WASHINGTON, June 12, 2011— -- Senator Richard Shelby (R-AL), the ranking member of the Senate Banking Committee, rejected the idea that any new federal stimulus would help improve the dire unemployment picture, calling instead for tax reform and investment incentives to spur private sector jobs growth.

"I don't believe any new stimulus is going to pass in Congress. I don't think it has any credibility," Shelby said on "This Week." "What we need to do is create some certainty, some conditions for people to invest, to grow, to have some confidence. There's not a lot of confidence in the economy right now all over America."

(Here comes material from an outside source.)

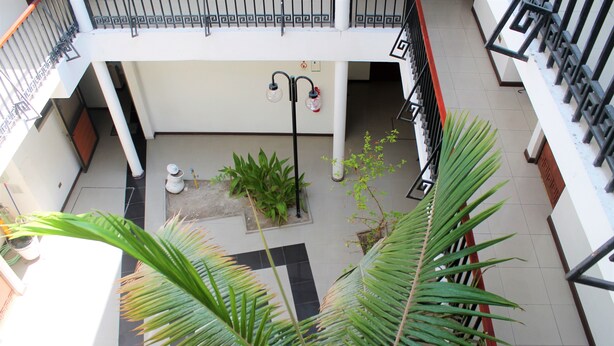 A multi-level atrium with a tiled floor, a central column, and potted plants. - Hotel Samaña (Arica)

Former Clinton Labor Secretary Robert Reich disagreed, saying that when consumers and private sector investors are not spending, "then government has got to fill the gap."

He called for federal initiatives such as exempting the first $20,000 of income from payroll taxes to put more money in individuals' pockets to spur demand, as well as calling for a WPA-style direct employment program, as done by President Franklin Roosevelt during the Great Depression.

"Under these circumstances, consumers are pulling in. They are not spending. And if they are not spending, then jobs are not going to be created," Reich said.

But Shelby dismissed the notion that previous stimulus efforts had succeeded during the Obama administration.

"I believe that stimulus basically doesn't work for the most part. We've tried that," Shelby said. "The market grows the economy. We've grown the government, but we haven't grown the economy."

Shelby said that greater stability and reform on tax policy will create confidence for small and large businesses that currently have "a lot of money on the sidelines."

"We're talking about real income tax reform to give people incentives to create jobs," Shelby said. "The government stimulus will never turn the economy around."

Reich said he has been surprised by the lack of action to spur job growth, saying there has been a "deafening silence" from Washington on the issue.

This is not business as usual.

"The President has got to come up with a jobs plan," Reich said. "Even if it doesn't get through a Republican Congress, he's got to be fighting for it, and fighting for Americans."

Reich also disagreed with the current focus on the deficit debate, saying that while "the deficit is important over the long term," the focus should remain on job creation.

"Right now the issue is not the deficit, the issue is not the debt ceiling,' Reich said. "The issue is jobs."